私はその記事に触発されて、久し振りにこの西洋館の廃墟に行ってみることにしました。行っ
てみて驚きました。あのうっそうと広がった林が見事に伐採されて、広大な敷地を占有する太
陽光パネル畑(メガソーラー)となり、想像することもできなかった遠くの家並みが見通せた
のです。
林の環境は完全に破壊されました。衝撃的な悲しい気持ちを抑えて、太陽光パネルの脇道を通
り、更に前に進むと、見覚えのある西洋館の敷地を囲む網が見えてきて、「まだ残っている」
とホッとしました。
そこで再びの驚きです。近づくと西洋館の敷地内が本当にきれいに整備されていたのです。敷
地内は立ち入り禁止ですが、敷地内の雑草、樹木そして竹藪が刈り取られ、廃墟の中もきれい
になっています。瞬間に、1世紀前にここに住んでいた人たちの、日常の生活が目の前で繰り
広げられている姿が浮かびました。私はきれいに整備されたことで甦った西洋館の建物と敷地
をゆっくりと観察しました。

帰宅した私はこの何十年の間、全く手が付けられず、草ぼうぼうの廃屋が、なぜここに来て整
備されるようになったのかとその理由を調べました。すると、「平成26年(2015)の暮れに、
西洋館の敷地が、創設者の竹内家のものから、太陽光発電業者に名義が変わってしまいました。
それを受けて龍ケ崎市は急遽、保存調査のために、太陽光発電業者から、その土地を3年契約
で借り受けて、施設工事をストップさせています。

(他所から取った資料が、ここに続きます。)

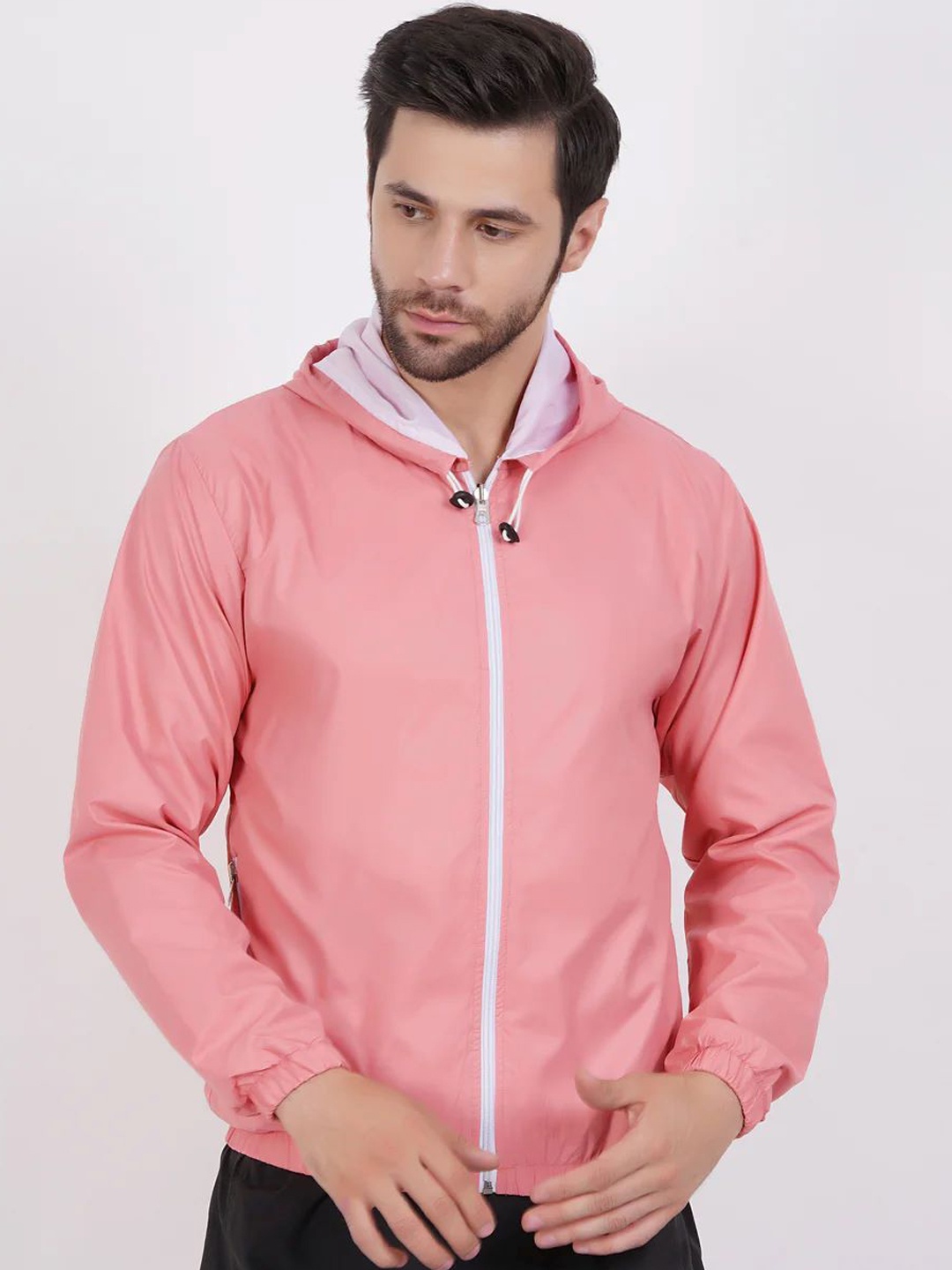 

Raxedo Water Resistant Light Weight Windcheater Jacket for Men, Peach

市の調査のため、敷地の藪は刈り取られ、
廃屋となった西洋館は再び人々の前に姿を現し、俄かに注目を集めております。」との保存に
立ち上がったNPO法人の記事が見つかりました。そして、市の施設を使ったパネル展の開催や、
市とNPO法人が共同でこの西洋館の見学会も行われており、その見学会の様子の映像もありま
した。そうなのです、この建物の敷地はすでに太陽光施設の業者に買い取られており、慌てた
市が急遽、保存調査のために、太陽光発電業者から、その土地を3年契約で借り受けて、施設
工事をストップさせていたのです。見学会を行ったことで敷地内が整地され、きれいになって
いることが納得できました。

この西洋館は文化財の指定を受けているわけでもないので、民間の所有地にある廃墟の扱いな
のですね。借地権が切れたらここはどうなるのでしょうか。今のままなら間違いなく、潰され
て太陽光パネル畑になってしまうのでしょう。この建物に使われているレンガは東京駅に使わ
れたものと同じだそうです。そしてレンガ造りの西洋館は鉄筋コンクリート造りに変わった建
築方式への移行により、あの時代が最後であり、将来にわたっても赤レンガの西洋館が建造さ
れることはないでしょう。現在NPO団体が保存に動いているようだが、どうなるのであろうか。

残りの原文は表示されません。